I have been running a home server for a couple of years now. It is extremely useful for me. It is also one of my favorite personal hobbies. The glue of that home server is a Supermicro X10SLL-F motherboard . So far, that motherboard has performed wonderfully without missing a beat. Day-to-day, my only gripe with it is that the power draw is slightly higher than I would like, but I can live with a few extra watts. However that supermicro motherboard has a terrible “gotcha.” The IPMI out-of-band/remote management software has a nasty bug. I recently changed the admin password from the default “admin,” like any diligent sysadmin should (Yes I know that I should have changed it much sooner, but in my defense, the IPMI was only accessible on my local network).
As it turns out all IPMI passwords are limited to 19 characters and if one tries to use a password longer than 19 characters, the IPMI software will just…silently truncate the password to 19 characters.

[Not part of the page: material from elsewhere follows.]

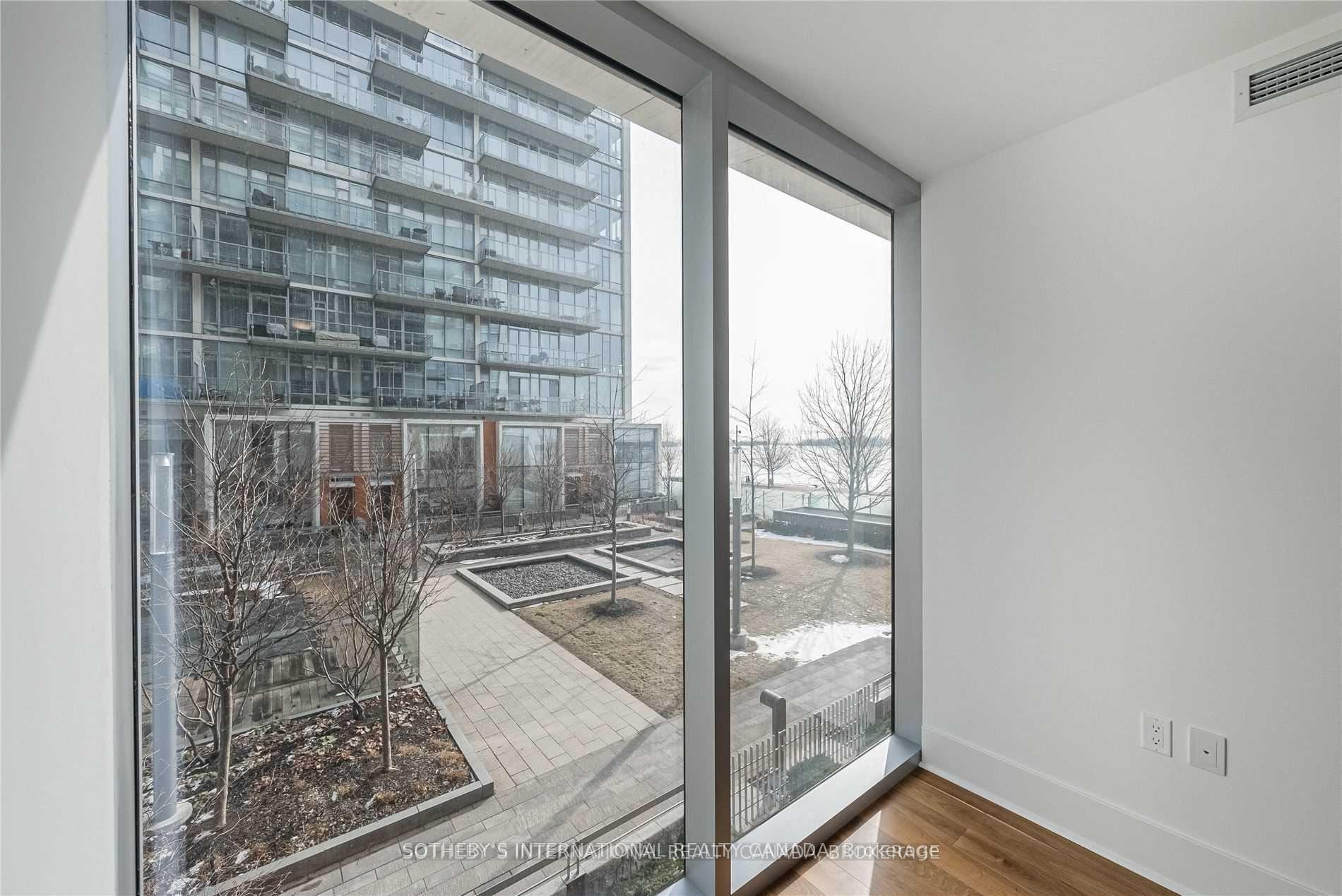29 Queens Quay E TH-113, Toronto Unit: TH-113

I thought I locked myself out of IPMI and had no choice to factory-reset the IPMI!!
I have no idea how I would have found this out without Reddit (incidentally while trying to find out how to factory-reset the IPMI). This is HORRIBLE behavior. I imagine this is changed in newer motherboards/IPMI firmwares, but this motherboard hasn’t received firmware updates in years. That is one pitfall of running old used enterprise server parts. But there really is no excuse for silently truncating a password I entered while creating the password…AND NOT TRUNCATING THE PASSWORD WHEN I ENTER IT TO LOG IN.
Anyone who uses an old Supermicro motherboard, e.x. X10 series, should make their IPMI passwords <= 18 characters. If you accidently made your IPMI password longer and are stuck, try logging in with the first 19 characters of your IPMI password.
To be fair, I don’t use this IPMI for much. I only use the IPMI from my local
network (with no VPN tunnel from the outside world) when I have messed up my
network firewall and need to drop some
iptables
rules manually as root.
Once my network firewall was stable enough, I stopped using the IPMI.
ssh
serves all of my needs that
IPMI would typically address during “normal” server operation.
Overall, one strike in two years of usage is not bad at all. This supermicro X10-series motherboard is on pace to get its third strike around the time when I might want to fully upgrade the system, including the motherboard.